Anne Volbeda nous explique le lien intime entre la structure et la fonction du centre fer-soufre : « C’est le centre fer-soufre qui capte le signal de l’environnement ; ensuite c’est l’interaction entre le centre et la protéine qui devient important. Le centre change sa conformation : il perd du fer, ou bien il capte ou perd un électron. Ces changements conformationnels dans l’environnement protéique, ont des conséquences pour l’affinité de la protéine pour l’ADN. »
Eve de Rosny précise qu’au sein de ces protéines, le centre Fe-S ne se trouve pas à l’endroit qui interagit avec l’ADN.
« Il y a une transmission de signal, depuis la zone de la protéine dans laquelle se trouve le centre, vers une autre zone de la protéine qui va changer de forme et conduire la protéine à ne plus reconnaître l’ADN. »
C’est donc une véritable cascade de changements structuraux dans la protéine, induite par la réaction chimique au niveau du centre Fe-S, qu’il s’agit pour les chercheurs de parvenir à retracer.
Le projet MANGO-ICING aura notamment permis de décrire structuralement le rôle d’interrupteur génétique d’un centre Fe-S, pour deux FTs.
RsrR ou les effets en cascade provoqués par un unique électron
La résolution de la structure de la métalloprotéine bactérienne RsrR[4] (Figure 3) accompagnée par plusieurs autres analyses[5] a permis de montrer comment un simple électron pouvait moduler la capacité de fixation à l’ADN de ce FT. La capture de l’électron au centre [2Fe-2S]2+ cause l’addition d’une charge positive dans son environnent proche, provoquant ainsi un réarrangement structural qui modifie la surface de la protéine et réduit ainsi ses capacités à se fixer à l’ADN.
NsrR ou comment contourner les défenses immunitaires de son hôte
Le projet MANGO-ICING a également permis de mieux comprendre comment le centre [4Fe-4S] au sein du FT NsrR[6], permet à une bactérie pathogénique de résister à l’une des armes immunitaires de son hôte : le monoxyde d’azote (NO). La production de ce gaz par les macrophages est un moyen de défense courant pour les organismes infectés par des bactéries. La NsrR permet à la bactérie de s’adapter et de résister à cette réponse en neutralisant le NO.
Eve de Rosny et Anne Volbeda insistent sur le caractère fondamental de leur recherche. Les applications de leurs travaux ne peuvent être imaginées que sur le plus long terme.
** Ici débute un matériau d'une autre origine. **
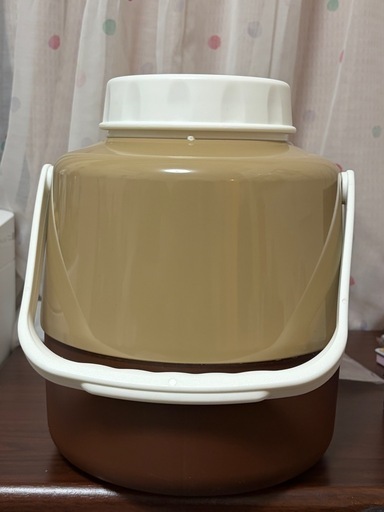 【新品未使用】Coleman コールマン スチールベルトジャグ 1.3ガロン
Il s’agit pour les chercheurs d’apporter leur pierre, ou plutôt leur cristal, à la déjà vaste « encyclopédie des connaissances ».
_ _ _
Ces recherches et cet article ont été financés en tout ou partie par l'Agence Nationale de la Recherche.
_ _ _
[1] MANGO-ICING : Mechanisms of gene transcription regulation through iron-sulfur cluster signaling
[2] Le laboratoire de pointe de l’IBS, spécialisé dans les expérimentations en conditions sans oxygène, a été imaginé par Juan C. Fontecilla-Camps, bien avant l’émergence du projet MANGO-ICING. Il est l’une des raisons d’être de l’Institut de biologie structurale de Grenoble, créé conjointement par le Commissariat à l’énergie atomique et aux énergies alternatives (CEA) et le CNRS en janvier 1992.
[3] En partenariat avec l’équipe britannique de Nick E. Le Brun, Anne Volbeda et Juan C. Fontecilla-Camps, sont parvenus à stabiliser le centre Fe-S de la RirA et à modéliser partiellement la structure de cette protéine. Ceci a permis à un peu mieux comprendre comment cette protéine régule les niveaux de fer intracellulaires. Gray E et al., « Stabilisation of the RirA [4Fe-4S] cluster results in loss of iron-sensing function ». Chemical Science, 2023 August 22;14(36):9744-9758.
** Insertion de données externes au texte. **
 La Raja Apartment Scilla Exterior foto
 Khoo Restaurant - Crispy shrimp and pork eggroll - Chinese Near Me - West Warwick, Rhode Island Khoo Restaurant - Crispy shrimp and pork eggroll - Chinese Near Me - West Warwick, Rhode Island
[4] Volbeda A. et al., « Crystal Structure of the Transcription Regulator RsrR Reveals a [2Fe-2S] Cluster Coordinated by Cys, Glu, and His Residues », Journal of the American Chemical Society, 2019 February 13;141(6):2367-2375.
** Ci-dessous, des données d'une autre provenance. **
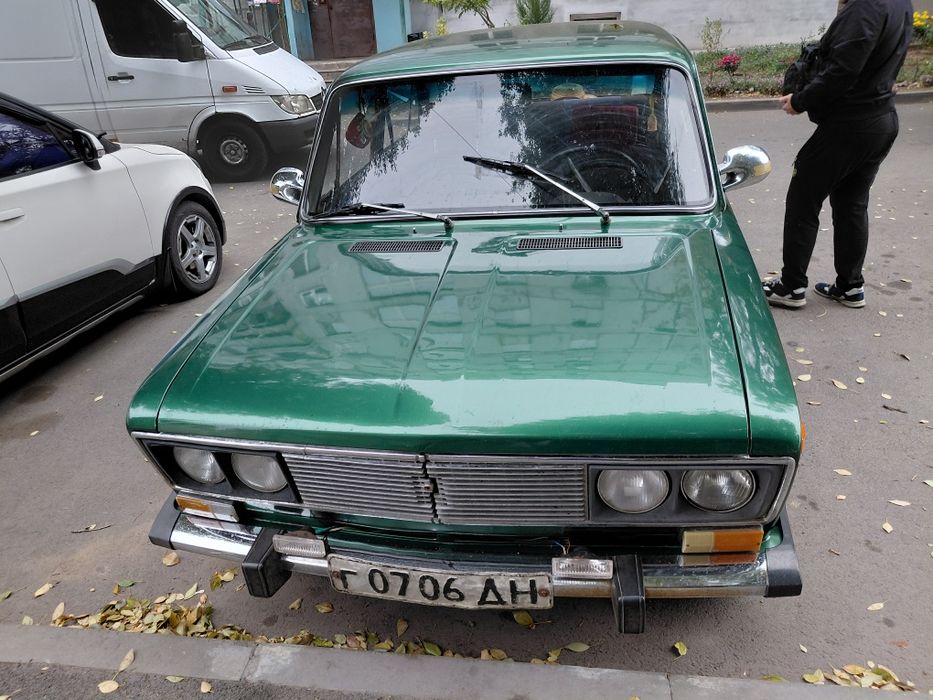Продам Ваз 2106 1987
[5] Crack J.C. et al., « Electron and proton transfers modulate DNA binding by the transcription regulator RsrR ». Journal of the American Chemical Society, 2020, February 20; 142:5104-5116.
[6] Rohac R. et al., « Structural determinants of DNA recognition by the NO sensor NsrR and related Rrf2-type [FeS]-transcription factors », Communications Biology, 2022 July 30;5(1):769.